• [Instructions for the task] From the line that contains "Rudi Records cover art" to the final line of the entries below, write out every line exactly as it appears, and nothing else.

• [Provided data]
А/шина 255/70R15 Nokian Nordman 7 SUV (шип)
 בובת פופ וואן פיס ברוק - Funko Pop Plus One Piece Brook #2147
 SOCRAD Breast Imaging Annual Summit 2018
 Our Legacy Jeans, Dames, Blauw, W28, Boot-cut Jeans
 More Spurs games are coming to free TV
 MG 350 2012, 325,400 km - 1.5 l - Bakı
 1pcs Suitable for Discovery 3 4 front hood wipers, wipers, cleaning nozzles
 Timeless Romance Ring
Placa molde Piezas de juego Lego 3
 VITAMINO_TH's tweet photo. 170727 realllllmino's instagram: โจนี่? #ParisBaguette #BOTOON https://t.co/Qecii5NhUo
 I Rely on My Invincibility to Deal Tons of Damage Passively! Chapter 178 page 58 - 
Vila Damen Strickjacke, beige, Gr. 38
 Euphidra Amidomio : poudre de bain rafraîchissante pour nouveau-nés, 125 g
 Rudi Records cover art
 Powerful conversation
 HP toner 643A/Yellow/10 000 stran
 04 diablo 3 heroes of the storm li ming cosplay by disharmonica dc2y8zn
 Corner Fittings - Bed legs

• [Output below]
 Rudi Records cover art
 Powerful conversation
 HP toner 643A/Yellow/10 000 stran
 04 diablo 3 heroes of the storm li ming cosplay by disharmonica dc2y8zn
 Corner Fittings - Bed legs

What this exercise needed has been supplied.